Gonzalo Alfaro Fernández




1

   -Vamos, no me fastidie –protesté dejando el expediente sobre la mesa.

   Resoplé y me recliné cuanto pude en la silla. El viejo me lanzó una mirada severa e inamistosa que me obligó a enderezarme y coger de nuevo el expediente.
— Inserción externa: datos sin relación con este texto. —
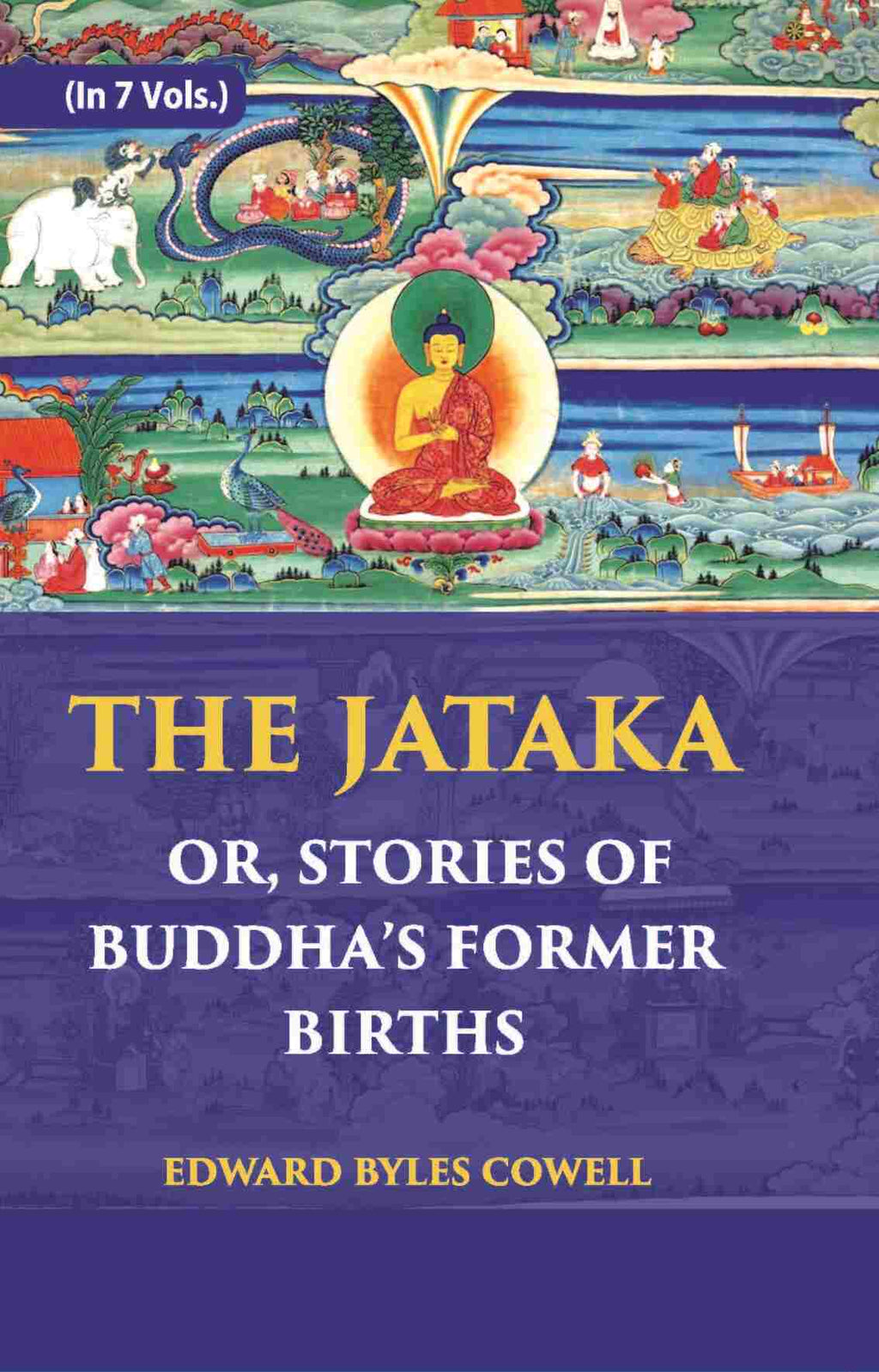 The Jataka Or Stories Of The Buddha’S Former Births Vol. 4th - Gyan Books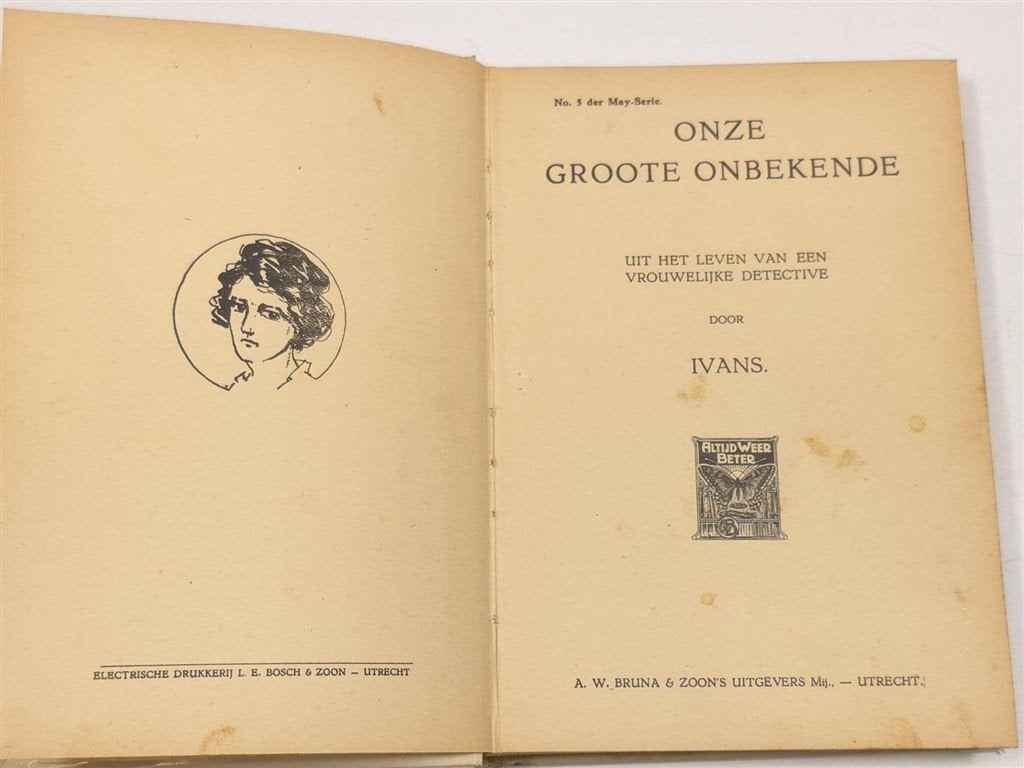 Onze Groote Onbekende — Ivans, Vrouwelijke Detective 1925, Boeken, Ophalen of Verzenden, Gelezen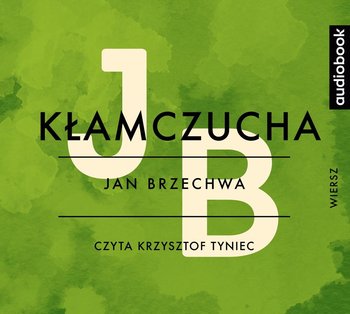 Kłamczucha - Brzechwa Jan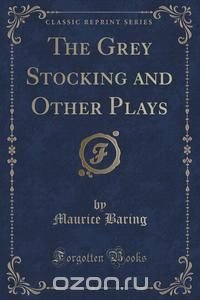 The Grey Stocking and Other Plays (Classic Reprint)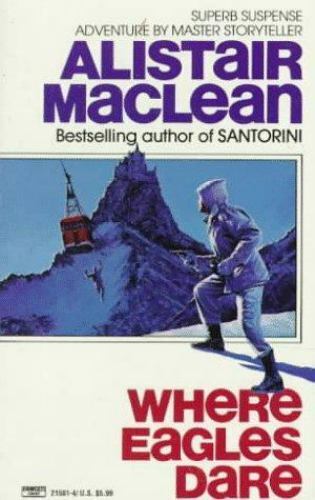 Where Eagles Dare by MacLean, Alistair - Picture 1 of 1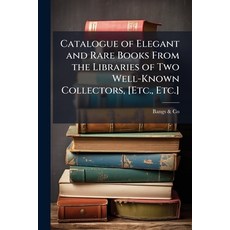 (英文圖書)Catalogue of Elegant and Rare Books From the Libraries of Two Well-Known Collect... 平裝版, Hutson Street Press, 英文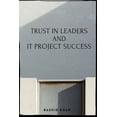 thumbnail image 1 of Trust In Leaders and IT Project Success, (Paperback), 1 of 1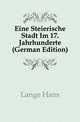 Eine Steierische Stadt Im 17. Jahrhunderte (German Edition), Lange Hans 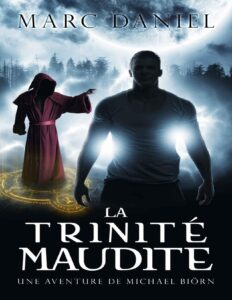 La Trinite Maudite Michael Biorn Volume 2 French Edition
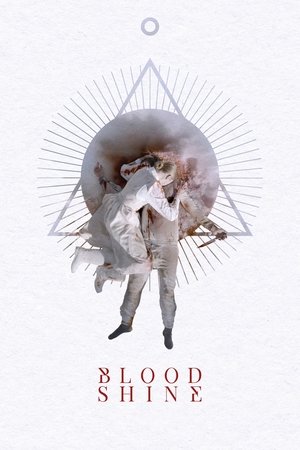 Watch Free Blood Shine (2025)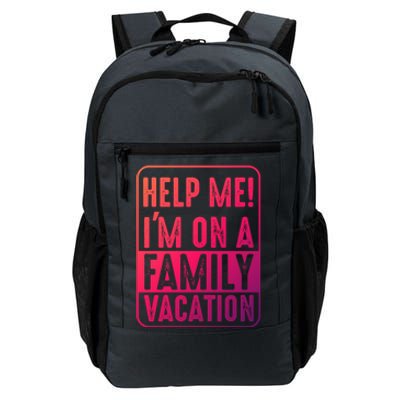 Help Me Im On A Family Vacation Holiday Trips Funny Quotes Gift Daily Commute Backpack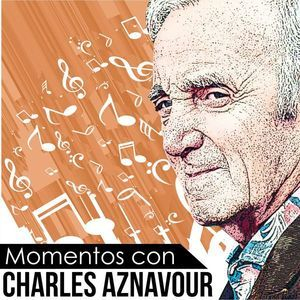 Momentos Con Charles Aznavour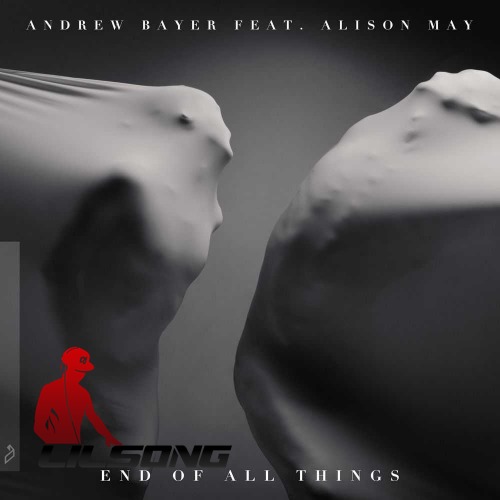 Andrew Bayer Ft. Alison May - End Of All Things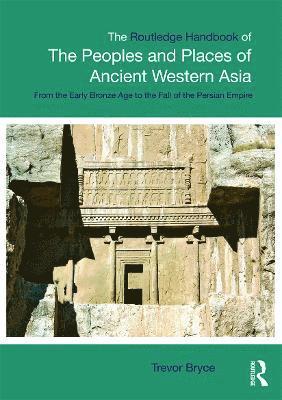 The Routledge Handbook of the Peoples and Places of Ancient Western Asia 1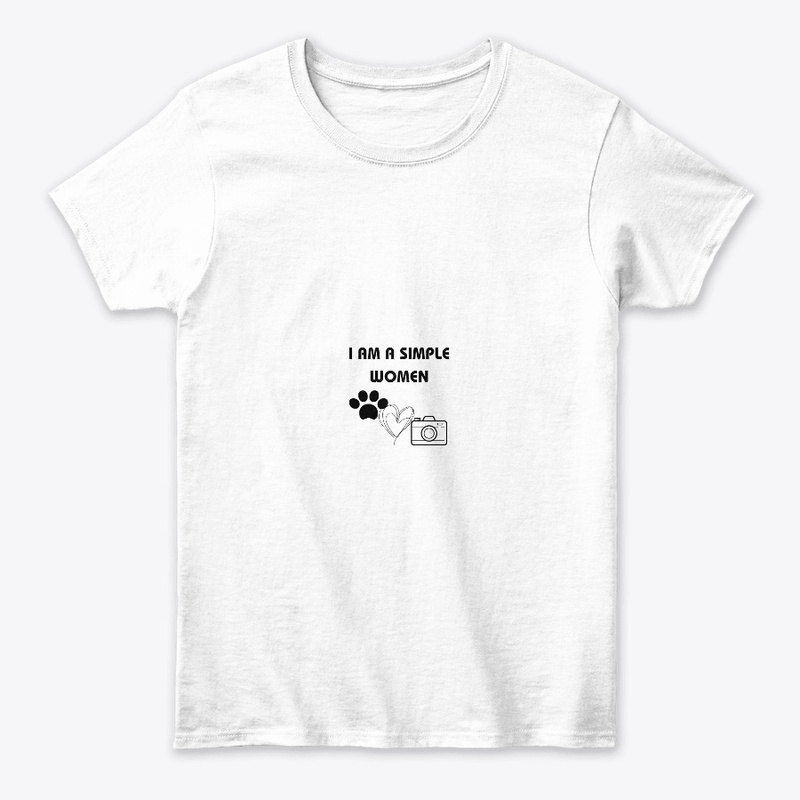 I AM A SIMPLE WOMAN T-SHIRT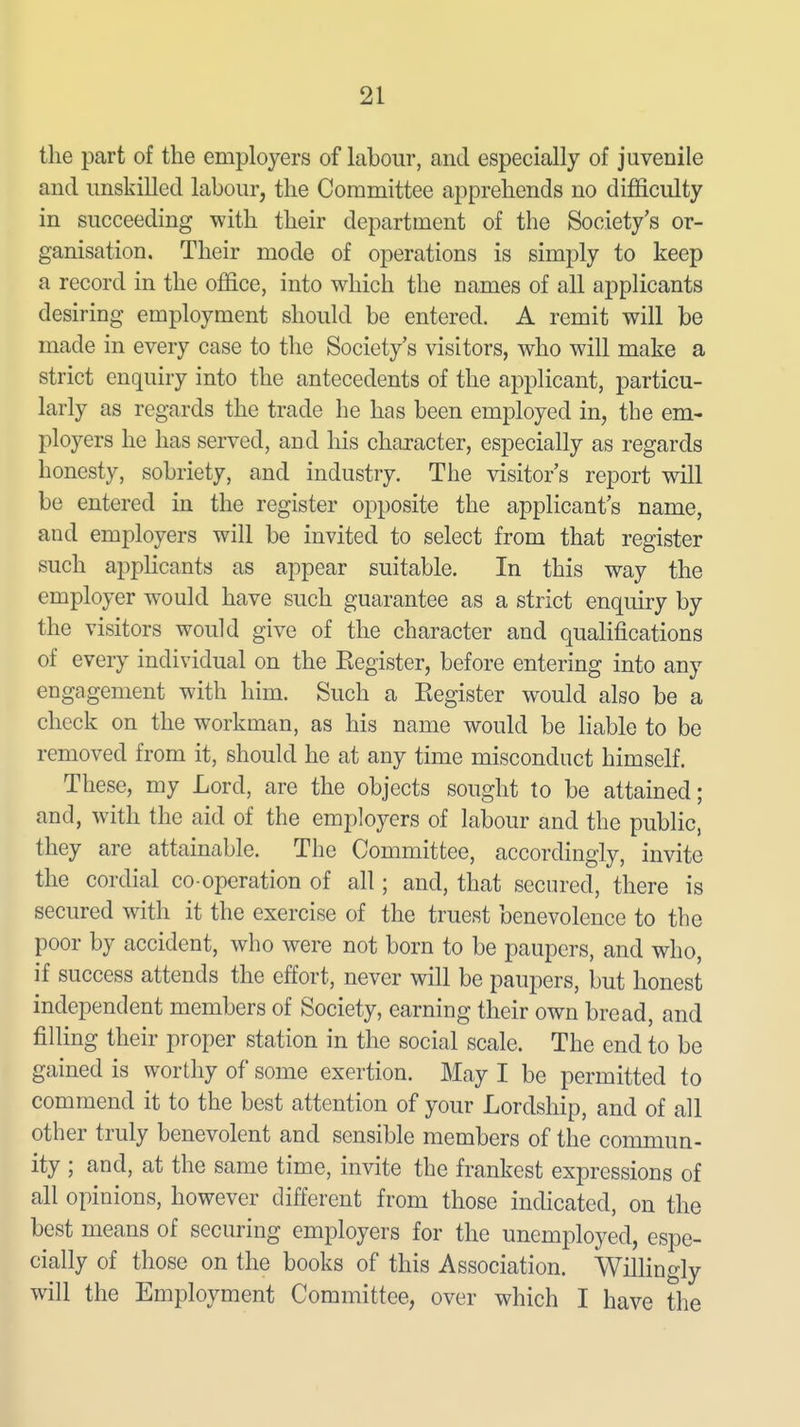 the part of the employers of labour, and especially of juvenile and unskilled labour, the Committee apprehends no diflEiculty in succeeding with their department of the Society's or- ganisation. Their mode of operations is simply to keep a record in the office, into which the names of all applicants desiring employment should be entered. A remit will be made in every case to the Society's visitors, who will make a strict enquiry into the antecedents of the applicant, particu- larly as regards the trade he has been employed in, the em- ployers he has served, and his character, especially as regards honesty, sobriety, and industry. The visitor's report will be entered in the register opposite the applicant's name, and employers will be invited to select from that register such appKcants as appear suitable. In this way the employer would have such guarantee as a strict enquiry by the visitors would give of the character and qualifications of every individual on the Eegister, before entering into any engagement with him. Such a Eegister would also be a check on the workman, as his name would be liable to be removed from it, should he at any time misconduct himself. These, my Lord, are the objects sought to be attained; and, with the aid of the employers of labour and the public, they are attainable. The Committee, accordingly, invite the cordial co operation of all; and, that secured, there is secured with it the exercise of the truest benevolence to the poor by accident, who were not born to be paupers, and who, if success attends the effort, never will be paupers, but honest independent members of Society, earning their own bread, and filling their proper station in the social scale. The end to be gained is worthy of some exertion. May I be permitted to commend it to the best attention of your Lordship, and of all other truly benevolent and sensible members of the commun- ity ; and, at the same time, invite the frankest expressions of all opinions, however different from those indicated, on the best means of securing employers for the unemployed, espe- cially of those on the books of this Association. Wilhngly will the Employment Committee, over which I have the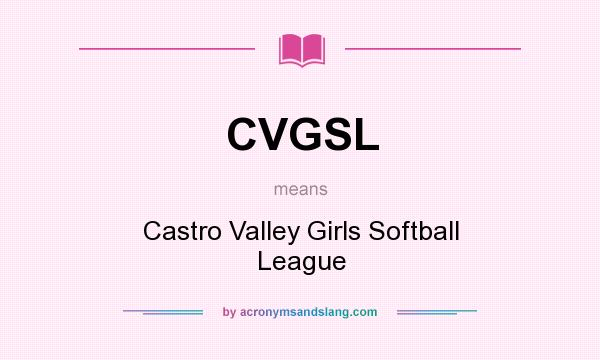 What does CVGSL mean? It stands for Castro Valley Girls Softball League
Lo abrí con desgana.

   -Pero si ninguno está fichado –me quejé-. Tienen el historial más limpio que un culo scotex.

   El viejo dio un puñetazo en la mesa y se incorporó sobre los codos, atravesándome con una mirada degolladora.

   -¡Le he dicho mil veces que no le consiento sus estupideces en este despacho! –exclamó con su voz recia de malos tragos, rojo de rabia-. Otro comentario como ése y el próximo expediente será el suyo.

   Lo obsequié con una mueca burlona. Sé que ese tipo de comentarios lo sacan de sus casillas. Las formas siempre han sido muy importantes para él. Hasta me obligó a casarme con su hija cuando se enteró de que estábamos en pecado mortal. Y desde que me divorcié dejó de tutearme. Es de esos tipos que antes de trinchar al enemigo le concede su último deseo.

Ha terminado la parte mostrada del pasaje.